I was reading about monad transformers and found this apparently well known article - A Gentle Introduction to Monad Transformers. What caught my attention was the part where the author describes an applicative instance for a makeshift ExceptT transformer, but leaves a warning mentioning that that instance is unlawful.

Here's the code:

data EitherIO e a = EitherIO {
    runEitherIO :: IO (Either e a)
}

instance Functor (EitherIO e) where
    fmap f = EitherIO . fmap (fmap f) . runEitherIO

instance Applicative (EitherIO e) where
    pure    = EitherIO . return . Right
    f <*> x = EitherIO $
        liftA2 (<*>)
            (runEitherIO f)
            (runEitherIO x)

And the warning:

Warning: A very sharp-sighted reader has pointed out to me that this applicative instance is unlawful. Specifically, it executes the side effects of the right-hand side unconditionally. The expectation of a lawful instance is that it should only execute the side-effects of the right-hand side if the left-hand side was a successful operation.

I am assuming that specifically the implementation of <*> is the problem.

So my main question is: which laws exactly does this instance not satisfy?

From what I can see, the four applicative laws are satisfied (I might be wrong of course). The author says that the problem is that side effects on the right (I am assuming, to the right of <*>) are executed even if the left-hand side was not a successful operation (I am assuming, "successful operation" means that the IO action would yield a Right value when executed).

While I can see that it makes sense from a usage standpoint, it would still be enlightening to see which laws exactly are not satisfied here, and why.
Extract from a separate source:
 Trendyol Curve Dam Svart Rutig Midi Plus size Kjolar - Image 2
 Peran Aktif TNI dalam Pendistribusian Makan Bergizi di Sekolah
Also, the explanation of why the instance is unlawful mentions side-effects, which makes the reasoning kind of apply only for the IO monad? But at the end of the text, as a finishing move, we change the IO monad to a general monad and make it a parameter of the described data type. This leads me to another question: if we imagine that I was writing this monad transformer myself, what kind of reasoning would I need to apply, to notice that the described applicative instance is indeed unlawful, without resorting to thinking about specific monads that could be used with this transformer?

Answer 1

The Applicative instance is lawful. In fact, it's the same instance as Compose IO (Either e). Compositions of applicative functors are applicative (this is one of the very nice things that applicatives have that monads don't).

However, the following is also listed in the laws section of the documentation:

If f is also a Monad, it should satisfy

pure = return
(<*>) = ap
(*>) = (>>)

And this is where the problem is, since there can be no monad that corresponds to the given applicative (this is where the comment about conditional execution of the RHS comes into play). So the Applicative and Monad instances, while each in isolation is lawful, do not agree, and that is punishable by death.